Considering that I've never filled out a bracket before, 8928th is not too shabby. It's hard to believe, but apparently there are thousands of people out there even worse at picking college basketball tournament winners than I am. In making my picks, I employed the English Alma Mater Method: if one of my English department colleagues graduated from a contending institution, I picked that team to win. Marquette, Louisville, Temple, and Ohio University let me down really early, but my Purdue colleague is still in the game--and let's not forget that I earned my M.A. from the University of Kentucky.
Of course I was a UK student for two and a half years without ever attending a basketball game, nor have I actually watched any of this year's games, although we do listen to the Ohio State games on the radio, which, for me, is similar to not listening at all. Basketball on the radio sounds like what you'd get if you locked an infinite number of monkeys in a room with an infinite number of basketballs, microphones, and buzzers.

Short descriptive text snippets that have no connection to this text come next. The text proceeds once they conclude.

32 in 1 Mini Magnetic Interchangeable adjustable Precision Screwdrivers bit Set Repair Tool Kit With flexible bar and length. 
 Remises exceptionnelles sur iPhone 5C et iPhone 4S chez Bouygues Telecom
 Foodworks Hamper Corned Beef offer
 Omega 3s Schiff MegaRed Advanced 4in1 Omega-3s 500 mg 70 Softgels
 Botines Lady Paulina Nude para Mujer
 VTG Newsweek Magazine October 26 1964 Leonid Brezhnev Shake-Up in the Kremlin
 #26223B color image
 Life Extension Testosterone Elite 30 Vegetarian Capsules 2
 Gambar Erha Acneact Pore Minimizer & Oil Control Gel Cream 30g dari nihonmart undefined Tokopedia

No, I don't care about basketball games as games; I care about whether the final score will lift me above 8928th place. The Times has promised an iPad to whoever comes out on top. They don't say what sort of prize they've reserved for 8928th.
2 comments:
Boiler up! Yippee. So--you've got a chance. A kid whose been 100% right so far chose Purdue as the winner. Unfortunately...he based that on pure sentimentality (his bro's schools) whereas everything else was picked according to mathematical probability...
Update: As of this morning, I've moved up to 1261st place. How can this be? How can so many thousands of people be worse at picking winning basketball teams than I am?